Data segment:
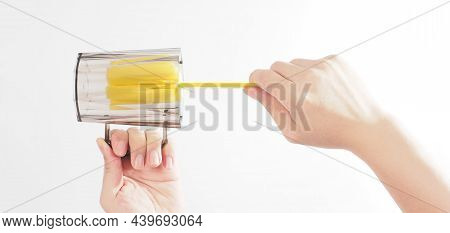 Clean And Wash Dish Concept. Man Hand Washing Drink Glass On White Background.
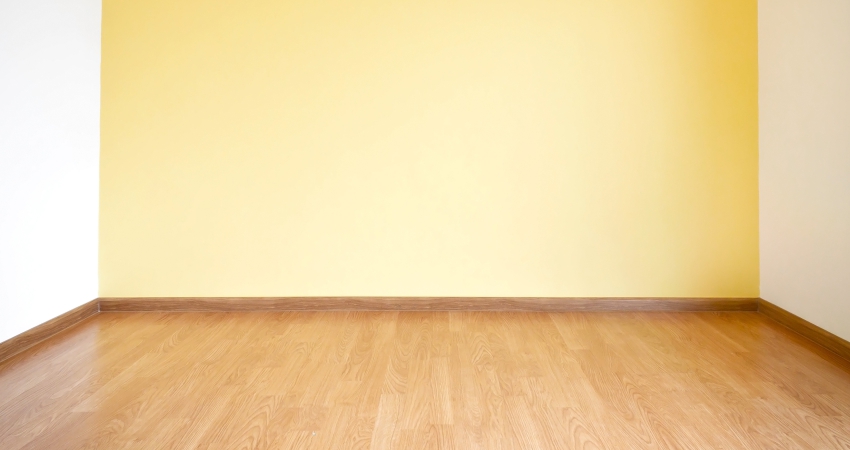 An empty room with a yellow wall and wooden floor.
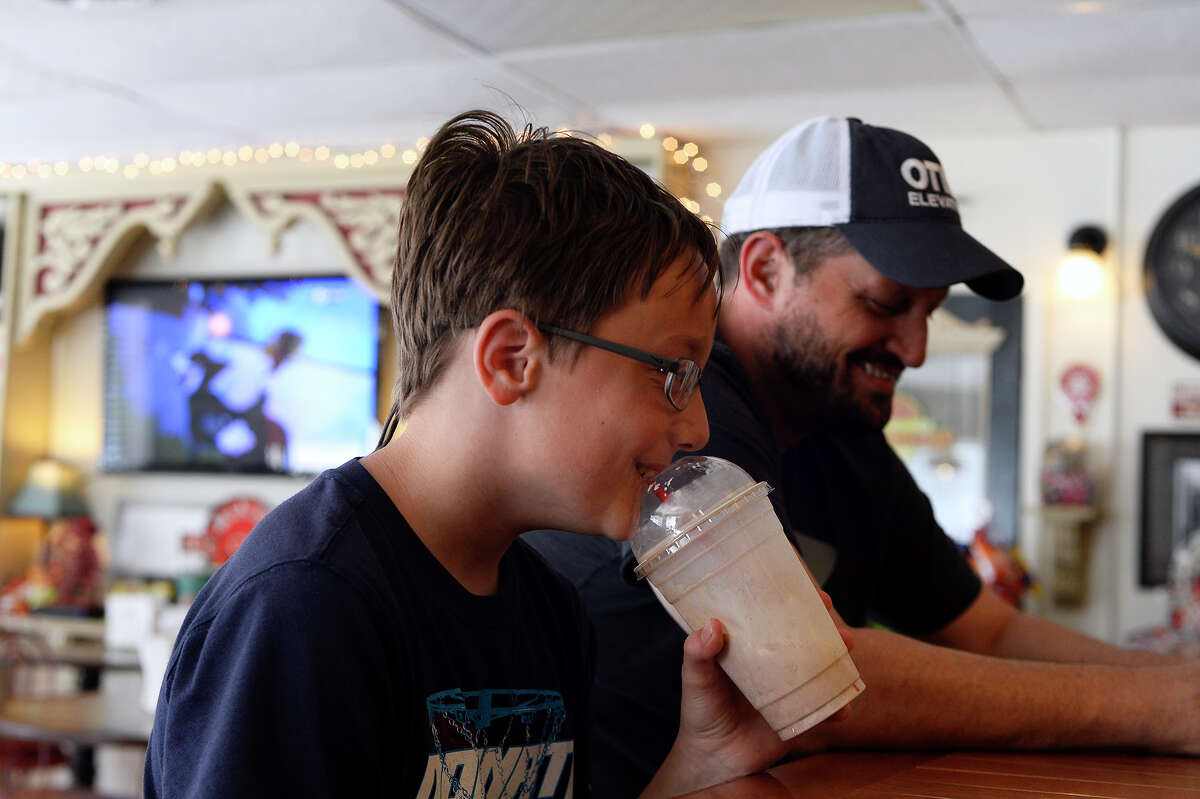 Tristan Alexander, 11, drinks a milkshake at Mike's Old Fashioned Soda Fountain in downtown Port Neches on Friday. The city's small downtown area has seen an influx of new businesses trying to revitalize it over the past five years. Photo taken Friday 4/14/17 Ryan Pelham/The Enterprise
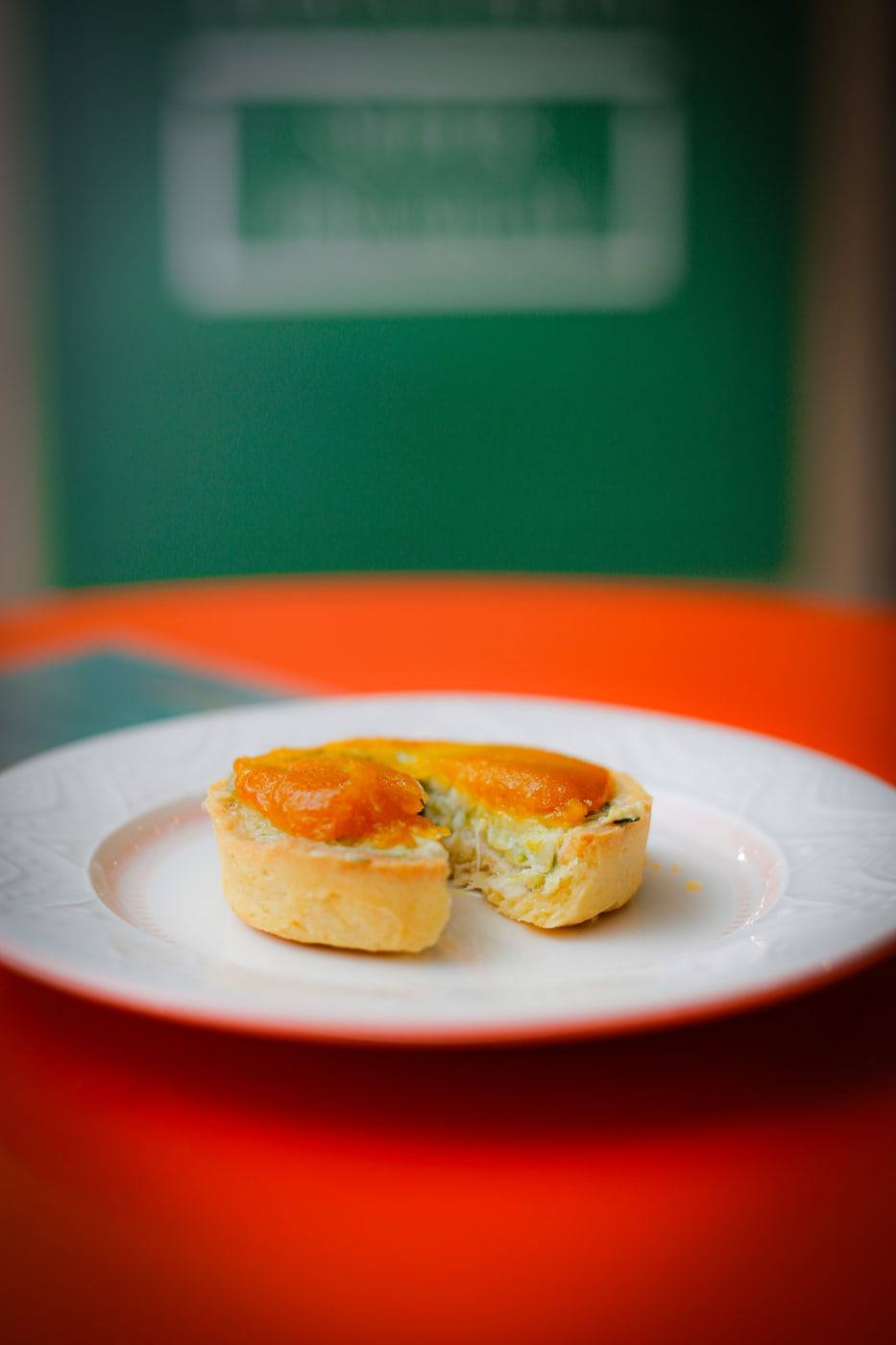 Quiche de alho-poró com damasco servida em prato branco sobre a mesa laranja.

The task: All lines of the listing must be given again exactly, excluding the pictures.

Expected answer:
 Clean And Wash Dish Concept. Man Hand Washing Drink Glass On White Background.
 An empty room with a yellow wall and wooden floor.
 Tristan Alexander, 11, drinks a milkshake at Mike's Old Fashioned Soda Fountain in downtown Port Neches on Friday. The city's small downtown area has seen an influx of new businesses trying to revitalize it over the past five years. Photo taken Friday 4/14/17 Ryan Pelham/The Enterprise
 Quiche de alho-poró com damasco servida em prato branco sobre a mesa laranja.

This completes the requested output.